---- Information shown

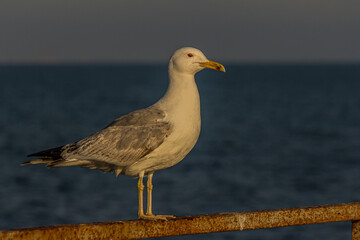 Portrait of a gull or seagull standing on a seaside railing at golden hour near the ocean at sunset or sunrise with water on the horizon. It's Caspian gull (Larus cachinnans).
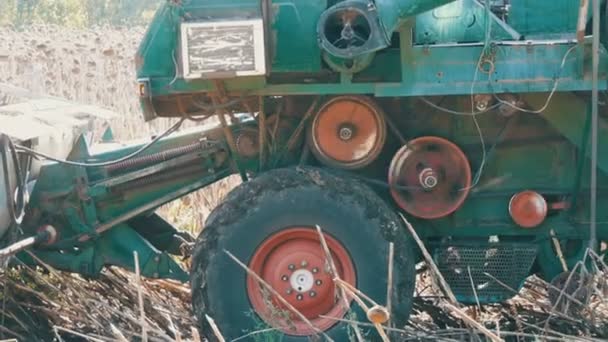 Mähdrescher ernten trockene Sonnenblumen. alter Mähdrescher schneidet die Sonnenblume — Stockvideo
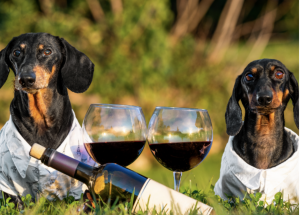 Pinot For Paws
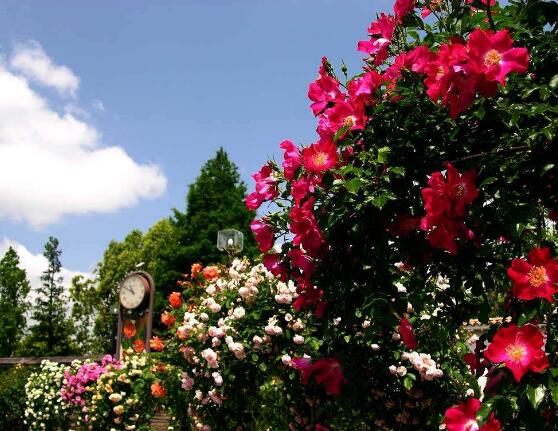 薔薇花冬天掉葉子是怎么回事，冬天掉葉子解決辦法
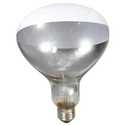 Clear 250 Watt Light Bulb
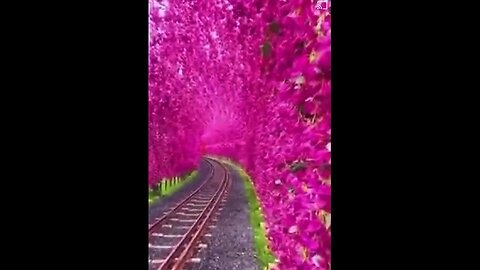 An incredible tunnel of blooming bougainvillea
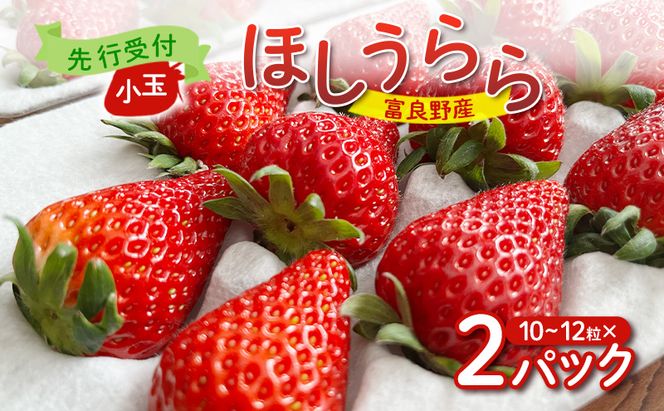 【2026年先行予約】 富良野産 いちご ほしうらら 小玉 10～12粒×2パック　［ フルーツ 果物 新鮮 贈り物 ギフト フルーツ 生いちご イチゴ 苺 大粒 甘い 道産 北海道 富良野 ］
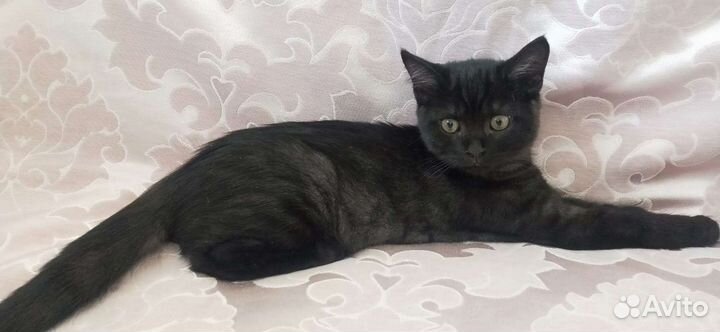 Котята отдам в добрые руки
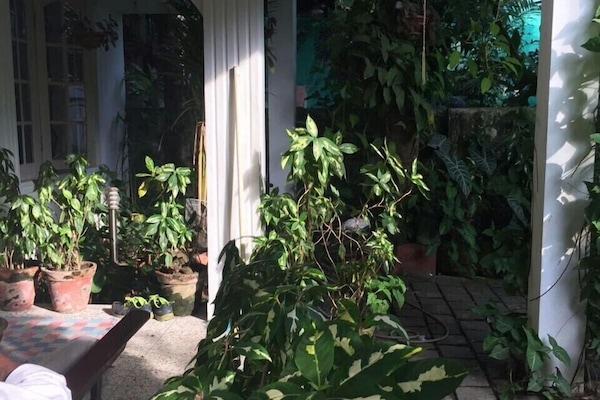 Garden view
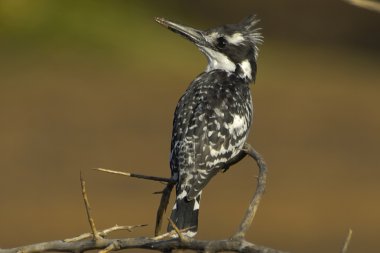 Pied kingfisher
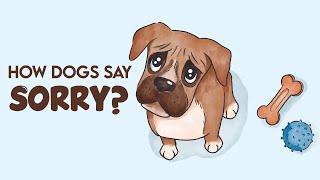 How Dogs Say Sorry Will Shock You!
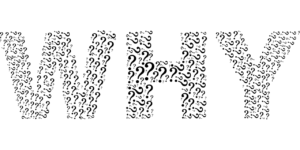 Mehr über den Artikel erfahren Warum ist für ein Unternehmen das „Warum“ wichtiger (als das „Was“ oder „Wie“)?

--------

◆ Task
Would you please print only the lines running from the one with "Garden view" to the final line of the entries above, exactly as written and without pictures?

◆ Your solution
 Garden view
 Pied kingfisher
 How Dogs Say Sorry Will Shock You!
 Mehr über den Artikel erfahren Warum ist für ein Unternehmen das „Warum“ wichtiger (als das „Was“ oder „Wie“)?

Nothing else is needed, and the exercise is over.